I- L’invasion du « globish »

1- L’Académie Française dénonce l’usage intempestif de la langue américaine

Voici une liste de quelques-uns de ces abus relevés sur le site de l’Académie  :
* La fête de la gastronomie s’appelle maintenant Good France ( goût de France)
* Un TGV de la SNCF est baptisé OUIGO  ( we go)
* L’université de Cergy-Pontoise s’appelle désormais CY – Cergy Paris Université – et le nom des filières change pour se décliner sous celui de CY : CY Sup, CY Graduate Schools, CY Tech,  CY Education . Plus tard sera créé CY Alliance . CY oralisé veut dire Voir Pourquoi  ( see why ) et  ce changement de nom doit  améliorer le rayonnement des écoles de Cergy à l’international !!!
* Les Régions pensent séduire les touristes en utilisant le « globish » : My Loire Valley, Only Lyon, Maubeuge Creative Cities,  Annecy Mountains ,  Smile in Reims , etc.

Ajoutons :
 La banque postale qui devient  « Ma french bank » et La France « une start-up nation »
 Une affiche annonçant les événements à venir conclut avec la phrase « Save the date ! »
Sans parler des enseignes des magasins dont les noms sont américanisés : les Carrefour Market, les Carrefour City, le  Drive, Les Relay …..
Votre magasin n’est pas ouvert ou fermé : il est open ou close …
Macron convoque chaque année une conférence internationale à Paris qu’il a nommée  « Choose France ! »…
La loi Toubon est excellente mais comme nous le voyons aujourd’hui elle est allégrement ignorée et bafouée. Nous rejoignons Georges Gastaud qui préside l’association C.O.U.R.R.I.E.L  pour   « Stopper la politique de substitution linguistique de l’anglais à la langue française » (3)

2- L’hégémonie culturelle nord-américaine

Une langue n’est pas seulement un outil de communication, c’est aussi un outil  de domination.
Les colonisateurs ont toujours imposé leur langue aux peuples qu'ils soumettaient.  La langue véhicule une culture, des idéologies et des formes de pensées… C'est bien pourquoi les Etats-Unis tentent  de dominer la planète entière avec leur dollar et... leur langue ! La lutte contre le néolibéralisme passe aussi par la lutte contre l'invasion des anglicismes et du « globish », cette version dégénérée de la langue de William Shakespeare, Virginia Woolf ou Charles Dickens.
Tout un chacun est sommé de connaître l’anglo-américain.

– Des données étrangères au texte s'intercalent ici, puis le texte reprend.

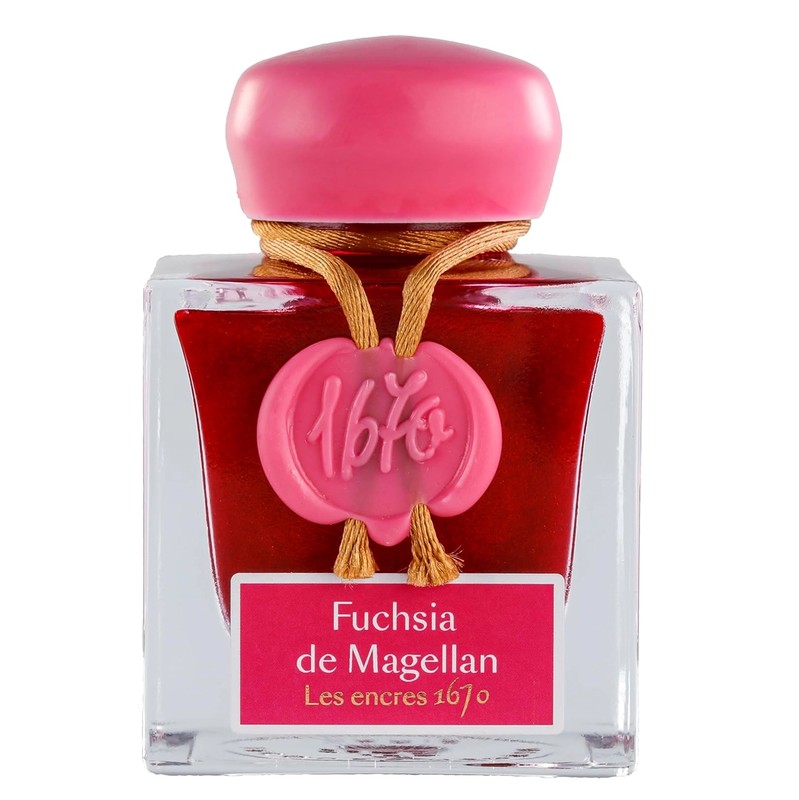 Jacques Herbin 1670 Tinte Fuchsia de Magellan im quadratischen 50-ml-Glasflakon mit pinkem Deckel, goldfarbener Kordel und Wachssiegel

Parfois, certains propos de personnalités étrangères rapportés dans les bulletins d’informations audio-visuels ne sont plus traduits par les présentateurs. Un oubli ? Une intention délibérée ?

3- Prendre exemple sur les Québécois

Le Québec, province francophone du Canada anglophone, est particulièrement actif dans la défense de la langue française -  il aimerait d’ailleurs être plus aidé par la France dans ce combat - .
L’Office québécois de la langue française à Montréal travaille au développement de la langue française et impose des substituts aux mots anglais ou américains. Le « Parking » se dit « Stationnement », « l’autostop » est traduit par « Pouce », le « shopping » est remplacé par « magasinage », …

En informatique leur  recherche d’équivalents français a été systématique, au besoin des mots nouveaux ont été inventés  : mail remplacé par  courriel, spam par pourriel, live par direct, data center par  centre de données, e-book par  livre électronique, geek par  maniaque, hoax par canular, hacker par pirate, to post par  publier, scanner par  numériser, etc.

II- L’invention de l’écriture inclusive

1- Déclaration de l’ACADÉMIE FRANÇAISE sur l'écriture dite « inclusive » adoptée à l’unanimité de ses membres dans la séance du jeudi 26 octobre 2017
Prenant acte de la diffusion d’une « écriture inclusive » qui prétend s’imposer comme norme, l’Académie française élève à l’unanimité une solennelle mise en garde. La multiplication des marques orthographiques et syntaxiques qu’elle induit aboutit à une langue désunie, disparate dans son expression, créant une confusion qui confine à l’illisibilité. On voit mal quel est l’objectif poursuivi et comment il pourrait surmonter les obstacles pratiques d’écriture, de lecture – visuelle ou à voix haute – et de prononciation. Cela alourdirait la tâche des pédagogues. Cela compliquerait plus encore celle des lecteurs.
Plus que toute autre institution, l’Académie française est sensible aux évolutions et aux innovations de la langue, puisqu’elle a pour mission de les codifier. En cette occasion, c’est moins en gardienne de la norme qu’en garante de l’avenir qu’elle lance un cri d’alarme : devant cette aberration « inclusive », la langue française se trouve désormais en péril mortel, ce dont notre nation est dès aujourd’hui comptable devant les générations futures.
Il est déjà difficile d’acquérir une langue, qu’en sera-t-il si l’usage y ajoute des formes secondes et altérées ? Comment les générations à venir pourront-elles grandir en intimité avec notre patrimoine écrit ? Quant aux promesses de la francophonie, elles seront anéanties si la langue française s’empêche elle-même par ce redoublement de complexité, au bénéfice d’autres langues qui en tireront profit pour prévaloir sur la planète.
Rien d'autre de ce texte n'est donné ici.